With so many barriers to LGBT equality being broken in recent years — and this historic Supreme Court ruling striking down same-sex marriage bans — the military is going to tackle its last discriminatory practice.
Defense Secretary Ash Carter announced Monday that the Defense Department will study "readiness implications of welcoming transgender persons to serve openly in the military."
In a press statement, Carter said the Defense Department always learns and changes and adapts.
“This is true in war, where we have adapted to counterinsurgency, unmanned systems, and new battlefield requirements such as [mine-resistant, ambush-protected vehicles],” Carter said. “It is also true with respect to institutional activities, where we have learned from how we repealed "Don't Ask, Don't Tell," from our efforts to eliminate sexual assault in the military, and from our work to open up ground combat positions to women.
“Throughout this time,” he continued, “transgender men and women in uniform have been there with us, even as they often had to serve in silence alongside their fellow comrades in arms.”
Carter says regulations banning transgendered persons from serving in the military are outdated and are a distraction from the military's core missions.
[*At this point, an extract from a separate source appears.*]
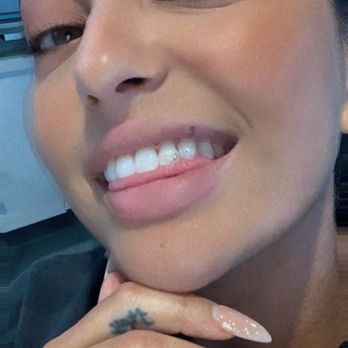 The Tooth Jeweler LA - Tooth gems - Cosmetics & Beauty Supply Near Me The Tooth Jeweler LA - Tooth gems - Cosmetics & Beauty Supply Near Me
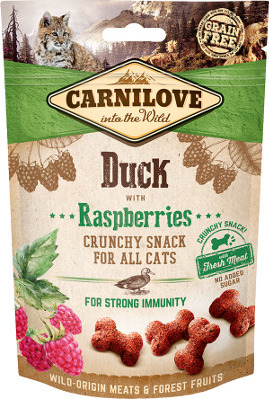 CARNILOVE Pamlsky pro kočky Crunchy Snack Duck&Raspberries Carnilove, 50 g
“At a time when our troops have learned from experience that the most important qualification for service members should be whether they're able and willing to do their job, our officers and enlisted personnel are faced with certain rules that tell them the opposite,” he added. “Moreover, we have transgender soldiers, sailors, airmen, and Marines - real, patriotic Americans - who I know are being hurt by an outdated, confusing, inconsistent approach that's contrary to our value of service and individual merit.”